I understand given a Cartier Divisor how to define a Weil Divisor.
But I don't understand the the other way correspondence.
I have seen a proof of how a Weil Divisor D induces a Weil Divisor $D_x$ om the local scheme Spec$\mathcal O_x$ in Restricting a Weil divisor to a local scheme. And $D_x$ is a principal divisor. But I don't understand after that.
Can someone please help
Thanks in advance.
Best Answer
Let's understand the subsequent arguments of the proof in steps. I will use the notation in your link's answer (, in which $T_x = \mathrm{Spec}\mathcal{O}_x$, and $X^{(1)}$ is the set of 1-codimensional points of $X$).

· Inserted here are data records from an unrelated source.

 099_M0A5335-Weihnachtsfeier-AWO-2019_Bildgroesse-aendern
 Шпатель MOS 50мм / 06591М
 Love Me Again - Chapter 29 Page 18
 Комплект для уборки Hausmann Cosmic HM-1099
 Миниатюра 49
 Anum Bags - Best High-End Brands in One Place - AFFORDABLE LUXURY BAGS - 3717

Recall that $D_x=\sum_{y\in X^{(1)}\cap T_x}n_y\cdot(\overline{\{y\}} \cap T_x)$, and that as a principal divisor in the $X$, $(f_x)=\sum_{y\in X^{(1)}}v_y(f_x)\cdot \overline{\{y\}}$, where $v_y$ is the valuation on the prime divisor $\overline{\{y\}}$. Then note that the valuation of $\overline{\{y\}}$ is just the valuation of $\overline{\{y\}}\cap T_x$, since they have the same local rings on $y$. Thus the restrictions of $D_x$ and $(f_x)$ are both equal to $\sum_{y\in X^{(1)}\cap T_x}v_y(f_x)\cdot(\overline{\{y\}}\cap T_x)$, and globally they differ just at those points not in the $T_x$. But it's clear that a prime divisor doesn't pass through $x$, if and only if its generic point is not in the $T_x$.

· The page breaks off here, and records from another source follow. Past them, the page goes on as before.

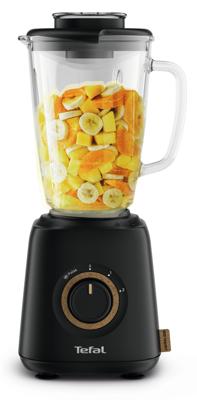 Tefal BL46EN Eco Respect Blender Zwart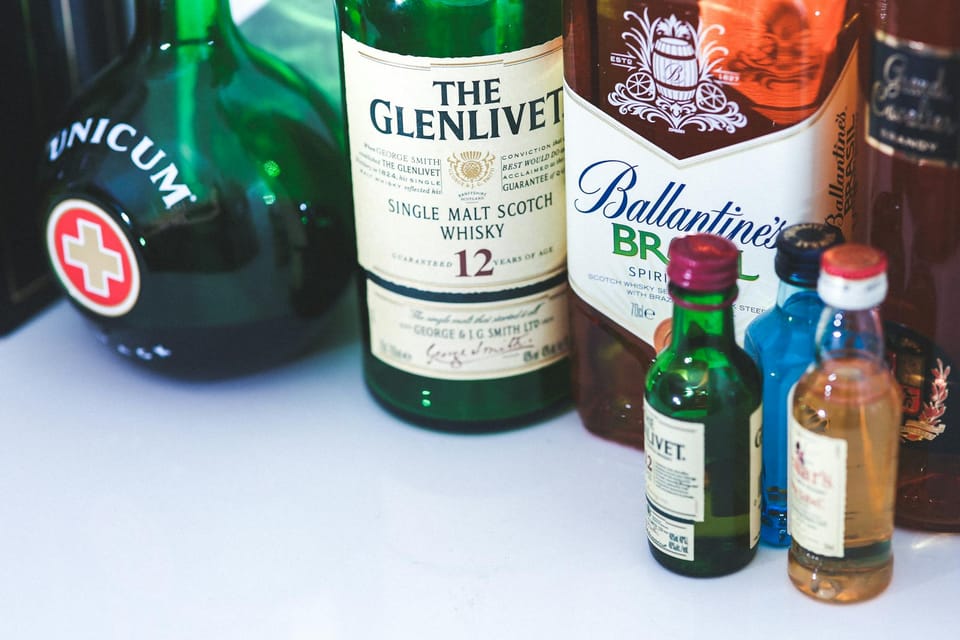 Outlook for the Whisky Market in 2028: Production Capacity, Restring Drivers, Size, and Landscape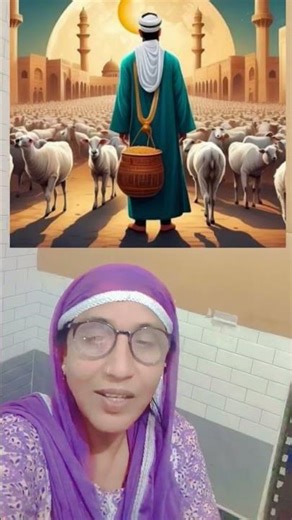 aao samjhao 🌹💐#Islamic short#trending short 🤲🌙🤲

That's really clear because $T_x$ is just the intersection of all open neighbourhoods of $x$, and replacing $T_x$ by a neighbourhood $U_x$ won't change the coefficients in both divisors.

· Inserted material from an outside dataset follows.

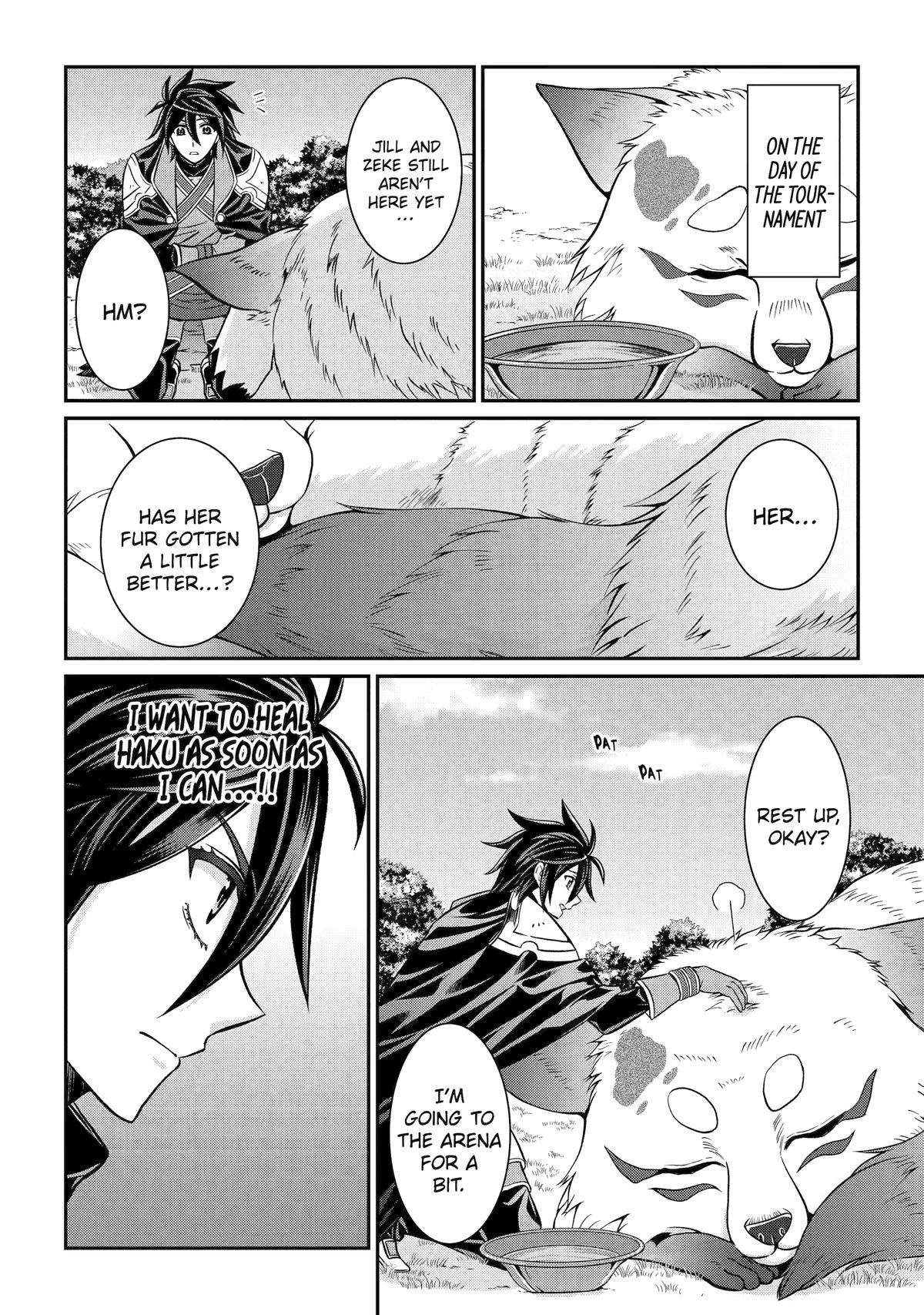 Page 32 of Chapter 72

The second sentence needs to be verified. $(f)=(f')$ implies that $(f/f')=0$, whence in each $y\in X^{(1)}$, $f/f'$ is a unit of $\mathcal{O}_y$. For every affine open subset of $X$, say $\mathrm{Spec}A$, I claim that $f/f'$ is a global section on it, i.e. $f/f'\in A$. Indeed, each prime ideal $\mathfrak{p}$ of $A$, of height $1$, corresponds to a point of codimension $1$ in $X$, and thus $f/f'\in A_\mathfrak{p}$. Since $A$ is a normal noetherian domain, by commutative-algebra theories, we have $$A=\bigcap_{\mathrm{ht}\mathfrak{p}=1}A_\mathfrak{p}.$$ Therefore $f/f'\in A$. Then given an affine open covering $\{U_i\}$ of $U$, $(f/f')|_{U_i}\in\Gamma(U_i,\mathcal{O})$, so one can glue them into a section in $\Gamma(U,\mathcal{O})$. Actually this section is just $f/f'$ because they must be the same in $\mathscr{K}$. Thus $f/f'\in\Gamma(U,\mathcal{O})$. Similarly, $f'/f$ is also in the $\Gamma(U,\mathcal{O})$. So we have $f/f'\in\Gamma(U,\mathcal{O}^*)$.